A project to use waste from pruning vines and fruit trees to produce advanced biofuel is being developed at the BLC3 Campus in Oliveira do Hospital, the campus president said on Tuesday.
The BLC3 association “is developing a circular economy project to use waste from agricultural activities, such as pruning waste from olive trees, vines and other fruit trees” to “produce advanced biofuel,” the president of the BLC3 Technology and Innovation Campus, João Nunes, told Lusa news agency.
The project, “with potential application also to the forestry sector,” also recommends that “waste from crops ” be used in the production of biofuel.
Production, highlighted João Nunes, will be with carbon emission levels much lower than from fossils”.
The advanced biofuel produced by this method is “similar and equivalent to agricultural diesel”.
In Portugal “we have 3.6 million hectares of agriculture (39.5 percent of the total land area), with more than 360,000 farms”, which “represents an average of 10 hectares per farm”.
With this average farm size, the sector is naturally “not very competitive in terms of scale” which has “an impact on the use of resources and carbon emissions.”

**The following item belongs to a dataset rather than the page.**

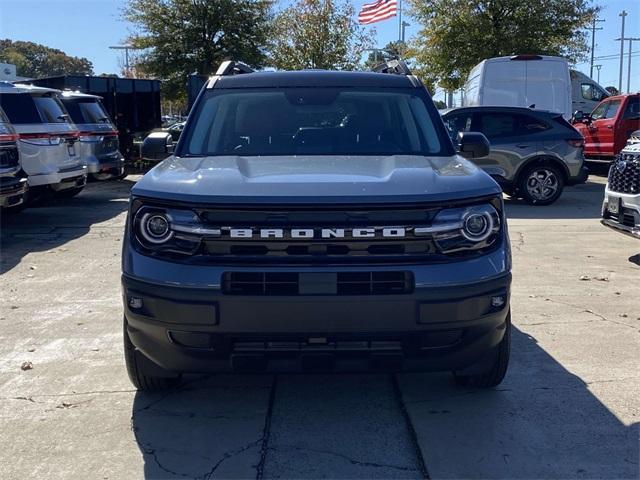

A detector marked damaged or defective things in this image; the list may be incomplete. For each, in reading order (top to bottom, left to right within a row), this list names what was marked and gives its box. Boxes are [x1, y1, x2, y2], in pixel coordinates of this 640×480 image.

cracked pavement [1, 174, 640, 478]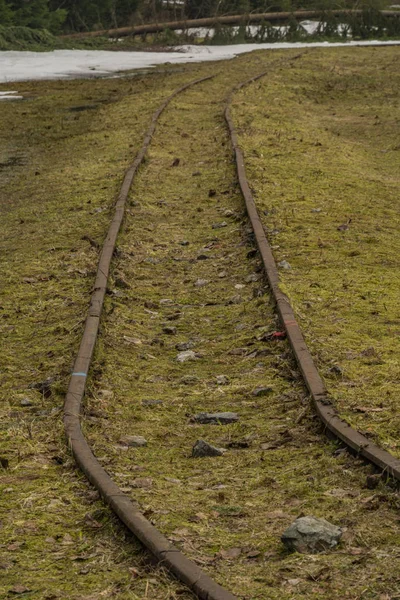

Around 360,000 hectares of the land area are olive groves, 178,000 hectares are vineyards and 45,000 for fresh fruit production, which generates “a high amount of biomass waste”, João Nunes said, admitting that “we could be talking about one million tons of waste annually in these sectors alone.”
However, this is “a figure that is always difficult to quantify because it depends on agricultural production itself.”
“Agricultural cultivation systems which generate high quantities of biomass have the potential to produce their own fuel” to use in their machinery, João Nunes concluded.
BLC3 – Campus of Technology and Innovation is a non-profit association, founded in 2010, and is a “new model of development of research activities and technological intensification of excellence, incubation of ideas and companies, and support to the economic fabric in inland and rural regions.”
It is the only organization in Portugal “created for the development and industrialization of biorefineries (second and third generations) and bioeconomy and ‘smart regions’, with a focus on the concept of the circular economy,” according to the BLC3 website.